I have an array of strings, and I want to do something only if my array contains specific things. Is there a shorter/better way to write the following other than repeating && multiple times?

var array = ["red", "purple", "orange", "yellow", "pink", "green", "blue"]

Here is a more advanced solution that does exactly the same as your solution (okay it creates an extra array instead of individual strings, but it computes the same value).

if ["red", "blue", "green", "yellow"].allSatisfy(array.contains) {
print("works")
}

We can write the operation out in its full form.

let elements = ["red", "blue", "green", "yellow"]
let containsAll = elements.allSatisfy { (element: String) -> Bool in
return array.contains(element)
}
if containsAll {
print("works")
}

Also note that array.contains(_:) is an O(n) operation because it will iterate the whole array over and over to check if the elements are present.

I'm no expert in things like performance costs for copying collections, but you can "potentially" optimize the speed (I leave the measurement to other people).

let set = Set(array)
if ["red", "blue", "green", "yellow"].allSatisfy(set.contains) {
print("works")
}

In this case set.contains(_:) is an O(1) operation.

I could read your answer before you removed it, if you do that you get a false result because it requires the inner contains return true once to complete the outer contains.

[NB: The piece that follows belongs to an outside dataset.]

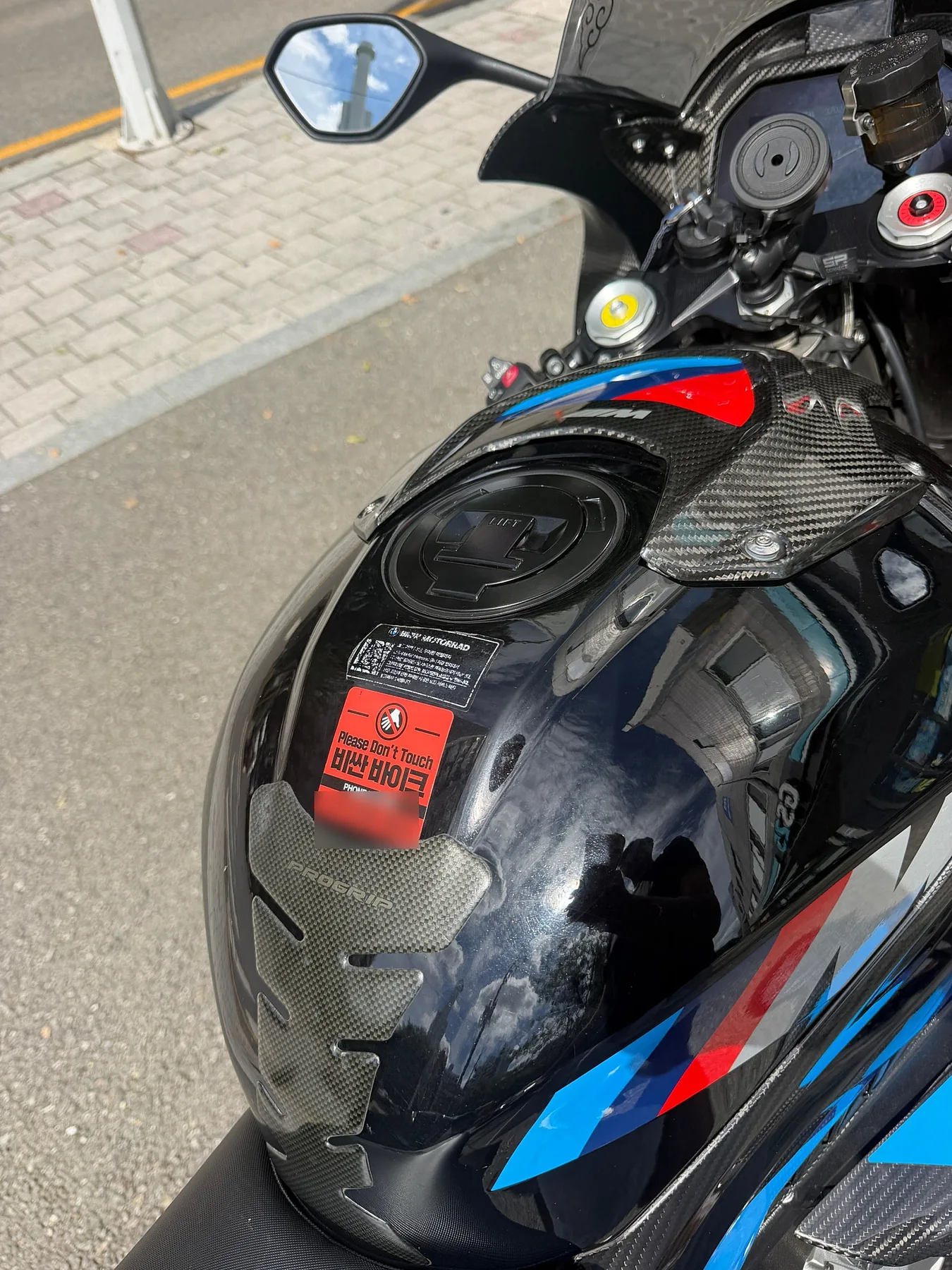 BMW M 1000 RR 컴페티션 2023 블랙 사진 3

You probably meant the same thing as I wrote above allSatisfy on inverted collections (switched the positions).

I had misread the original question as "or" instead of "and".

I think the best solution to the "and" version is actually imperative, to allow finishing early so it is not always necessary to walk the entire array even once:

var itemsOfInterest: Set = ["red", "blue", "green", "yellow"]
for item in array {
itemsOfInterest.remove(item)
if itemsOfInterest.isEmpty { break }
}
if itemsOfInterest.isEmpty {
// the array contains every item from the set
}

And for completeness, here's a solution to the "or" version:

let itemsOfInterest: Set = ["red", "blue", "green", "yellow"]
let arrayIsInteresting = array.contains{ itemsOfInterest.contains($0) }
if arrayIsInteresting {
// the array contains at least one item from the set
}

Edit:

The "and" version could also be done with subtract, though I don’t know off the top of my head if it finishes early when possible:

if itemsOfInterest.subtracting(array).isEmpty {
// the array contains every item from the set
}

In comparison isSuperset(of:) requires O(m) operations where m is the number of elements in your itemsOfInterest. The last solution I presented above with the set is basically the same as isSuperset(of:).

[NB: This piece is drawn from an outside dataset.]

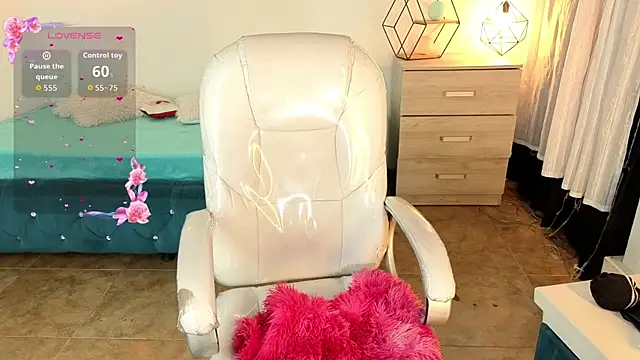 NinaSakura Eup online show from 04.21.26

Why would it walk the entire array? Isn't it copied into a new set then? The comparison operations are still O(m) but you get some copying overhead, or am I wrong?

let requiredList = ["red", "green", "blue"]
let array = ["red", "purple", "orange", "yellow", "pink", "green", "blue"]
let isSatified = !requiredList.map { array.contains($0) }.contains(false)
//1. Will check if each element in requiredList is contained in the array. This will result in an array of boolean values
//2. See if the result from step1 contains a false
//3. Negate the result in step2, and that will tell you if it was satisfied.
print("isSatified = \(isSatified)")

I think that lazy will make the map lazily evaluated, and make the .contains(false) terminate once it finds a false, without evaluating the remaining mapping transforms (I.e the inner .contains).

However, it will also make the closure escaping and probably cause heap allocations(?)

I might be mistaken, and Swift may be able to optimize it, but .map on a lazy sequence needs its transform closure to be escaping and stored for later execution, as the actual mapping is delayed until the sequence needs to be walked. This allocation I think will happen on the heap. It also means that any variables captured by the stack, must also be allocated on the heap, if I am not mistaken. This means that the array on which you call array.contains($0) is also stored on the heap. Only when you call the latter .contains(false) will the lazily mapped sequence actually be walked, and the closure will be executed until it returns false. Only then will the lazy sequence be deallocated, and its heap allocations with it.